3 files changed, 48 insertions, 94 deletions

diff --git a/llvm/include/llvm/Analysis/BlockFrequencyInfoImpl.h b/llvm/include/llvm/Analysis/BlockFrequencyInfoImpl.h
index 43484a8668c..f8215bf62dd 100644
--- a/llvm/include/llvm/Analysis/BlockFrequencyInfoImpl.h
+++ b/llvm/include/llvm/Analysis/BlockFrequencyInfoImpl.h
@@ -1024,17 +1024,14 @@ public:
   /// This class collates the successor edge weights for later processing.
   ///
   /// \a DidOverflow indicates whether \a Total did overflow while adding to
-  /// the distribution.  It should never overflow twice.  There's no flag for
-  /// whether \a ForwardTotal overflows, since when \a Total exceeds 32-bits
-  /// they both get re-computed during \a normalize().
+  /// the distribution.  It should never overflow twice.
   struct Distribution {
     typedef SmallVector<Weight, 4> WeightList;
     WeightList Weights;    ///< Individual successor weights.
     uint64_t Total;        ///< Sum of all weights.
     bool DidOverflow;      ///< Whether \a Total did overflow.

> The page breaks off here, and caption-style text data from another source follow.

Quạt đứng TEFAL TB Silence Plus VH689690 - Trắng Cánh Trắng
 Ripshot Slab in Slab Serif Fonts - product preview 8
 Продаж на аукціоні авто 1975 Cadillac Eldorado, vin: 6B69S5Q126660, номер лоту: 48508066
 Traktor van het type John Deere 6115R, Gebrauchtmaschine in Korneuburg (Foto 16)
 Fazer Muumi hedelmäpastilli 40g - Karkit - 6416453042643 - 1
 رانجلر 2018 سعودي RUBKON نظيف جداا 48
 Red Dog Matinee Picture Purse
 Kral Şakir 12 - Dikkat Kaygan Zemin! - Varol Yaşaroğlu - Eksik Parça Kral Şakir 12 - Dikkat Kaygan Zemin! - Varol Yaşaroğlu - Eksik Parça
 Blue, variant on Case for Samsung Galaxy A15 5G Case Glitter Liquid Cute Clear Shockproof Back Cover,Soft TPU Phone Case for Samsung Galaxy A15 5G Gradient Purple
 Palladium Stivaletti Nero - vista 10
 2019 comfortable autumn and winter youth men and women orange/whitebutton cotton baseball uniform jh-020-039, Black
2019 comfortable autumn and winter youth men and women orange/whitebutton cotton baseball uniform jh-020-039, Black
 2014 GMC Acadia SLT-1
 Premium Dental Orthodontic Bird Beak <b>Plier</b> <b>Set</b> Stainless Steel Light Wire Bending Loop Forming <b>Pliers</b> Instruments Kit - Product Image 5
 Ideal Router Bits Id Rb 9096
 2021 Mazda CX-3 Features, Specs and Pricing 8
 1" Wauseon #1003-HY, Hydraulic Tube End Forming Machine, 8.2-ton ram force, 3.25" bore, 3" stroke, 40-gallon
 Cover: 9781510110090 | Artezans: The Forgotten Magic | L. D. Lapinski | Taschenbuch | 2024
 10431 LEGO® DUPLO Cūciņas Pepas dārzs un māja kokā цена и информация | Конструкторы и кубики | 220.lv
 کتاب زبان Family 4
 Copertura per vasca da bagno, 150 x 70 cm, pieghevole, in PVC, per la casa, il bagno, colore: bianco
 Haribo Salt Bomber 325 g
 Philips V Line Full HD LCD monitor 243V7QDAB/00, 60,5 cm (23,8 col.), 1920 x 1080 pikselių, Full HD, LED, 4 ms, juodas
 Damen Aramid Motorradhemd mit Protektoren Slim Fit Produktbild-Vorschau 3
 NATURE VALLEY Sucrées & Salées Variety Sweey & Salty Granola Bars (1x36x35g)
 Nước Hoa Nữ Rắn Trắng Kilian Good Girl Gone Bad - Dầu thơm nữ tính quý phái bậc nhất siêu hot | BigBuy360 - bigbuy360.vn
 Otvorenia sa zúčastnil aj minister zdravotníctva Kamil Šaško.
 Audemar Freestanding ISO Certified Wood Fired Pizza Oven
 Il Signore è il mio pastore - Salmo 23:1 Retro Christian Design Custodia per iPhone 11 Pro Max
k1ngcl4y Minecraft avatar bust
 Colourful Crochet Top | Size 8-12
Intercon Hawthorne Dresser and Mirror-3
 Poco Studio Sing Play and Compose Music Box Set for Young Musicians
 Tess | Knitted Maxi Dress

-    uint32_t ForwardTotal; ///< Total excluding backedges.
 
-    Distribution() : Total(0), DidOverflow(false), ForwardTotal(0) {}
+    Distribution() : Total(0), DidOverflow(false) {}
     void addLocal(const BlockNode &Node, uint64_t Amount) {
       add(Node, Amount, Weight::Local);
     }
@@ -1079,9 +1076,8 @@ public:
   /// \brief Add an edge to the distribution.
   ///
   /// Adds an edge to Succ to Dist.  If \c LoopHead.isValid(), then whether the
-  /// edge is forward/exit/backedge is in the context of LoopHead.  Otherwise,
-  /// every edge should be a forward edge (since all the loops are packaged
-  /// up).
+  /// edge is local/exit/backedge is in the context of LoopHead.  Otherwise,
+  /// every edge should be a local edge (since all the loops are packaged up).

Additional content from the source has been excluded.